Most investment is still financed through traditional means, but the amount of privately financed investment is substantial. Since 2005, the Scottish Government, working with councils and other public bodies, has used NPD and hub contracts to build assets worth £3.3 billion. That is on top of the £5.7 billion-worth of assets that were built under earlier private finance initiative contracts. Payments on those contracts totalled £13.1 billion up to the end of 2018-19, and the public sector is committed to further payments of £27 billion through to 2048.
PFI, NPD and hub contracts have been used across the public sector. The Scottish Government decides when they will be used by determining its capital allocations and offering to meet all, or a substantial proportion of, the on-going payments. It is not currently clear enough how the Government decides which projects should be privately financed and which will use traditional public financing, which means that it is difficult to assess whether the combination of projects and use of private finance is delivering value for money overall.
NPD and hub contracts are no longer used for new projects, and the Government is introducing two new funding mechanisms in their place. The first of those—the mutual investment model—aims to allow continued use of private finance to provide additional investment following changes to the national accounts rules.
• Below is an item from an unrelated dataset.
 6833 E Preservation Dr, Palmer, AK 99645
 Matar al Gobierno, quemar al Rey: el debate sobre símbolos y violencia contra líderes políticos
The second model—the learning estate investment programme—will remove the need to directly access private finance for schools projects by linking on-going Scottish Government contributions to the achievement of specific outcomes.
The models are being developed and introduced alongside the recent report by the Infrastructure Commission for Scotland, with a new infrastructure investment plan being due for publication later this year. The Scottish Government needs, alongside those developments, to develop its reporting to Parliament and to the public to show how use of private finance is contributing to its wider policy aims.
As always, the team and I will do our best to answer the committee’s questions.